Now onto the story...
Many believe that the NFL will be the next major American professional sport to institute a rookie salary scale, at least for the first round of its draft. The NBA currently uses a scale for players drafted in the first round and the MLB does its best to force its member organizations to use a similar signing bonus number for a player drafted in the same slot in the previous year’s draft.
Maybe slotting ends up becoming implemented in the NFL and turns out to work like a charm. But in the NBA, the system may have created some unintended consequences.
A team like the San Antonio Spurs has to worry that its last year’s first round draft pick may choose to stay overseas rather than come play for basketball’s most consistently solid team of this past decade.
Tiago Splitter put up decent numbers this past year overseas in Spain and is probably due for a larger check from the Spanish club (Tau Ceramica) than he would receive as a rookie next year with the Spurs.
It's not that the Spurs aren’t willing to pay Splitter enough money, but that the salary scale will only allow the team to hand over $771,000 at most in Splitter’s first year of play. Because of that ceiling (which lasts for two years and could be picked up for another two by San Antonio), the Spurs may never even have the chance to give that money to him.
Splitter is not alone.
Fran Vasquez and Rudy Fernandez are among the other players who have been drafted by NBA teams in the first round only to say “no thanks” and remain with their overseas clubs.

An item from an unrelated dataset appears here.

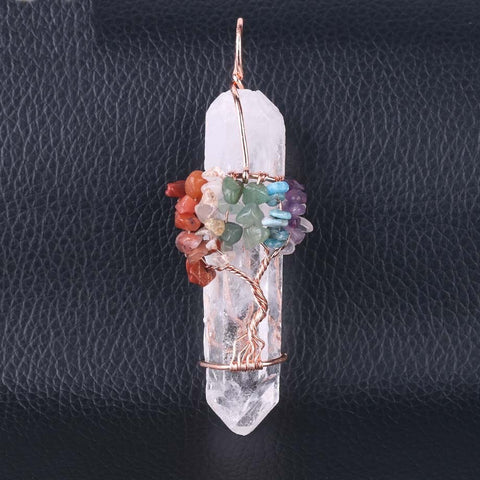Big Natural White Crystal Pendant Chakra Tree of Life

If you were an NBA GM, would you draft a non-American player in the first round? If he is an early first round pick, maybe it is a different scenario. However, taking a foreigner with a late first round pick is definitely a risk under the current slotting system.
Many have had nothing but praise for the NBA’s slotting system. But if it alienates foreigners, potentially forcing their fall to the second round, should it be kept?
What can be done to fix the system? It will be interesting to follow this year’s draft and see how many foreigners are taken in the first round after the lottery picks have been made.